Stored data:
====================

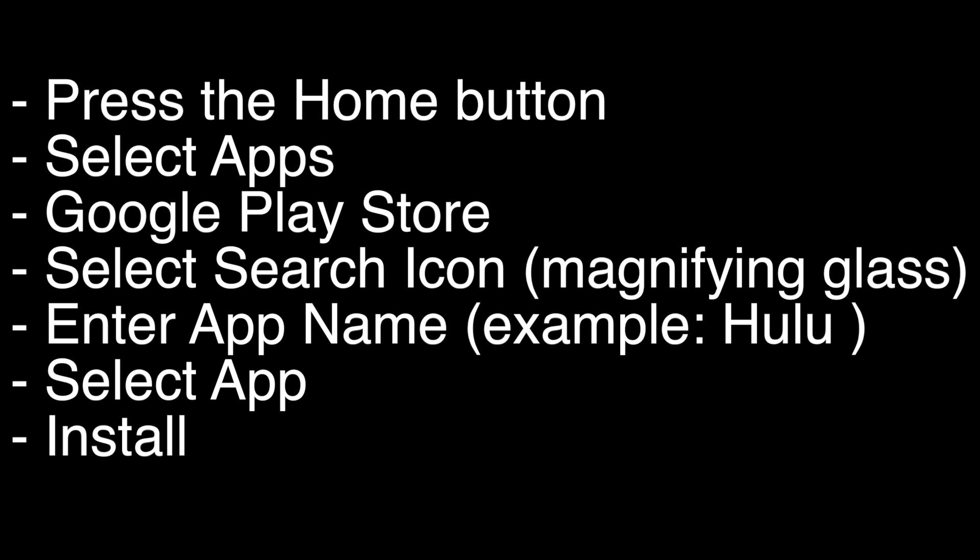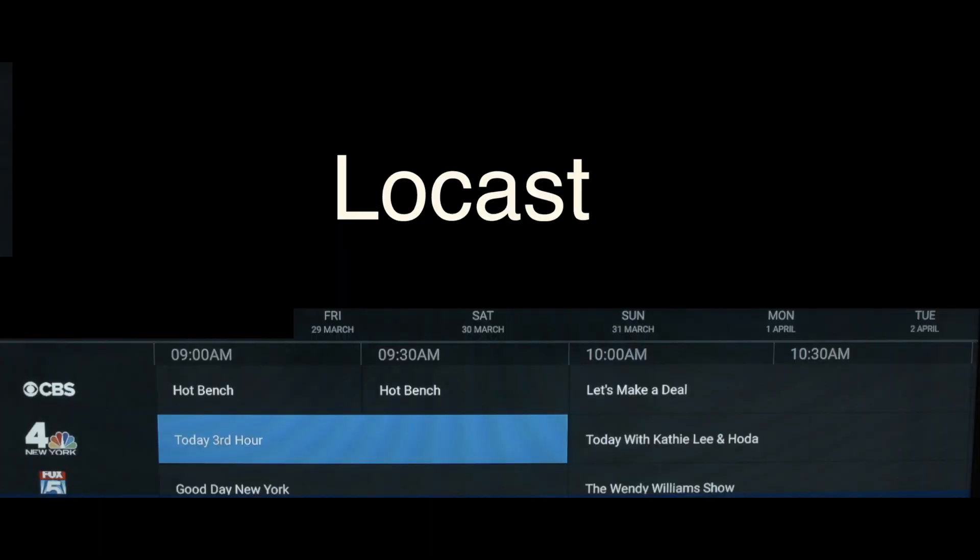Now we're going to show you a few apps that we think you should check out. The first one is Locast, which, if you want to get local channels on your TV and you don't want to set up an antenna, check out this app.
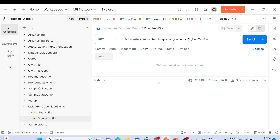This is how you can upload and download files using Postman. Hope you liked this video. If you're new to this channel, please subscribe. If you still have any doubts, write in the comment section. Thanks a lot, bye!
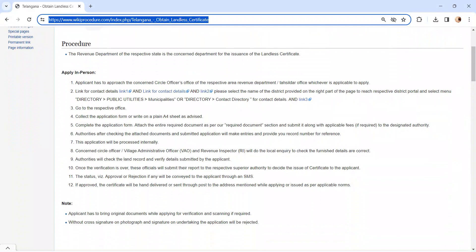Moving on to the procedure, let's see how to apply in person. Whoever is applying has to visit the respective revenue department or you can visit the Tazindar office.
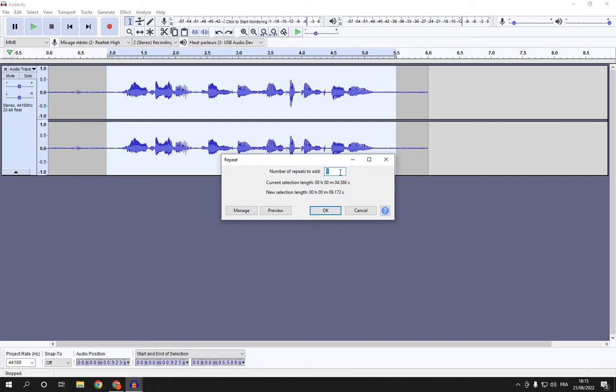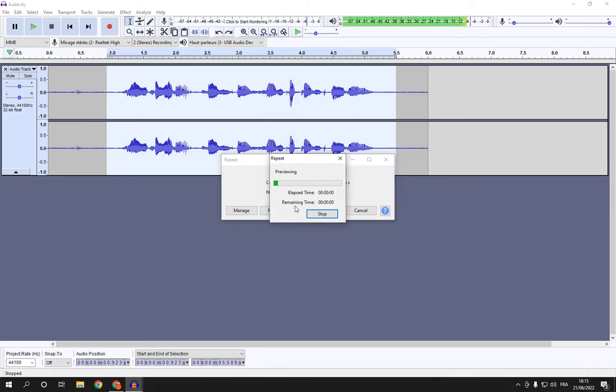I'm going to choose, for example, six. Click preview. How to media, this is just a test audio. How to media.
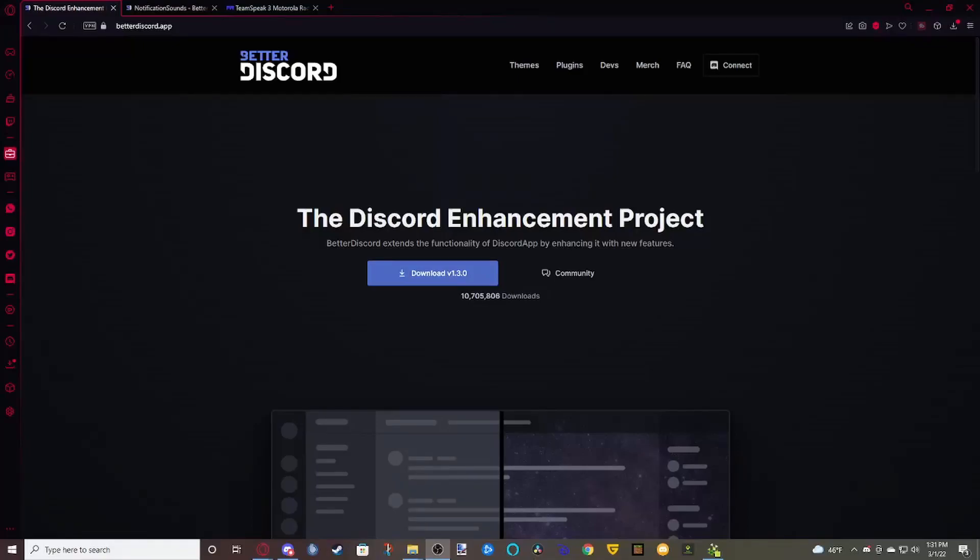What is up everyone, welcome to the first video on my channel. This video is going to be about Discord. Later on I'm going to do more gaming, some live streams and stuff, but I'm starting out with some basic Discord stuff.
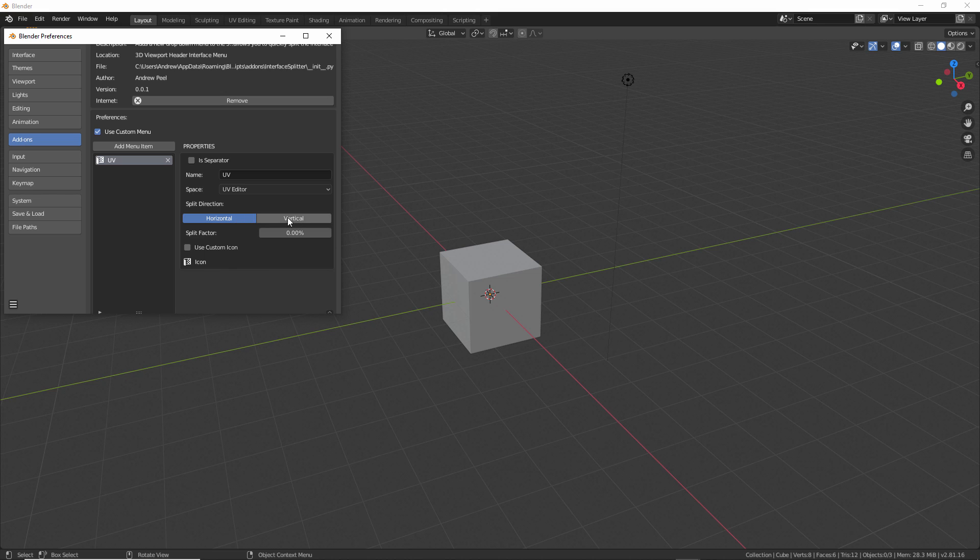Here we can determine the split direction. In this case, I want to split it vertically, and then we can specify the split factor. If we want to split the interface in half, we can type 50% there.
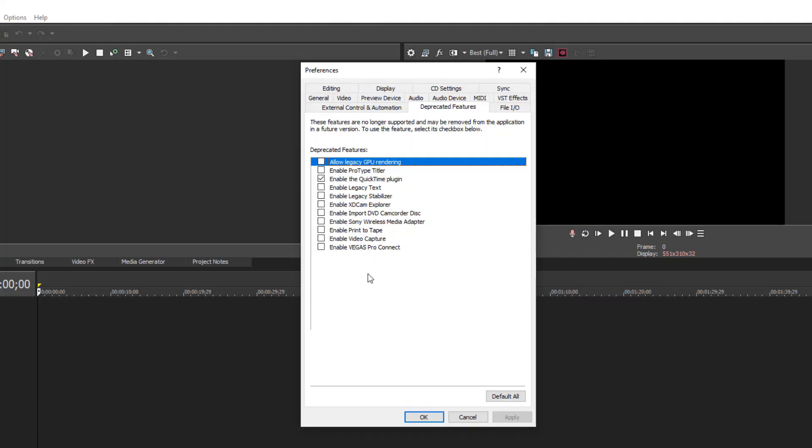So you want to enable ProType Titler—just find it here, right there, put a checkmark there.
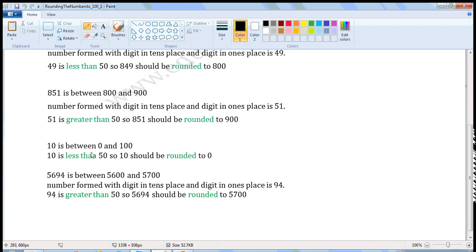The next number is 10. 10 is between 0 and 100. It is a 2-digit number. Since 10 is less than 50, 10 should be rounded to the lower hundred. So 10 should be rounded to 0.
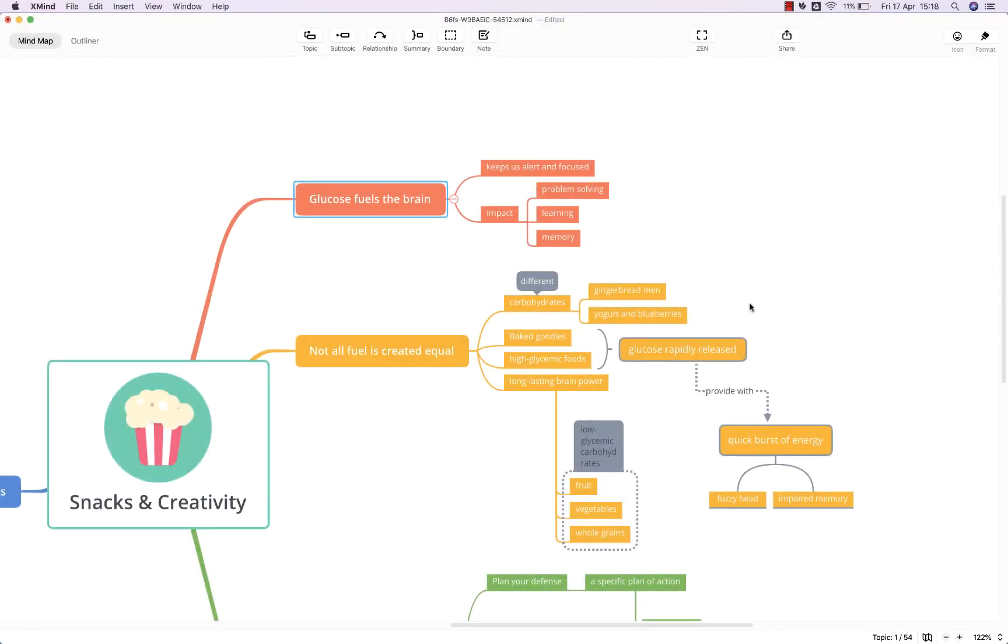Hello and welcome to this brief tutorial from biggerplate.com showing you how to add icons and images to your Xmind mind maps.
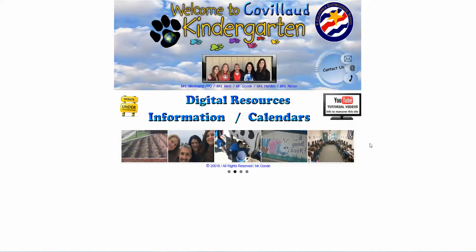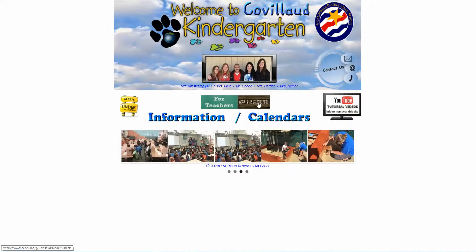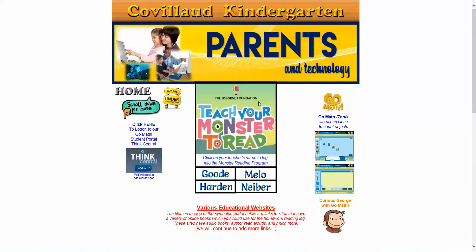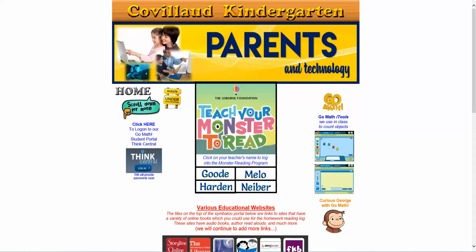To play the game Teacher Monster to Read, hover over the digital resources and click on For Parents. Directly underneath the image of Teacher Monster to Read are the teachers' names in kindergarten. Click on your teacher's name.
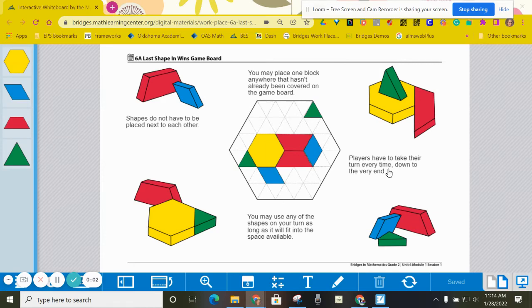These are the instructions for Workplace 6A, Last Shape in Wins.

====================

(YOUR INSTRUCTIONS):
Starting at the line above that holds "Here we can", repeat every line exactly down to and including the line that holds "Hello and welcome", then stop. Do not carry over any pictures.

(COMPLETED EXERCISE):
Here we can determine the split direction. In this case, I want to split it vertically, and then we can specify the split factor. If we want to split the interface in half, we can type 50% there.
So you want to enable ProType Titler—just find it here, right there, put a checkmark there.
The next number is 10. 10 is between 0 and 100. It is a 2-digit number. Since 10 is less than 50, 10 should be rounded to the lower hundred. So 10 should be rounded to 0.
Hello and welcome to this brief tutorial from biggerplate.com showing you how to add icons and images to your Xmind mind maps.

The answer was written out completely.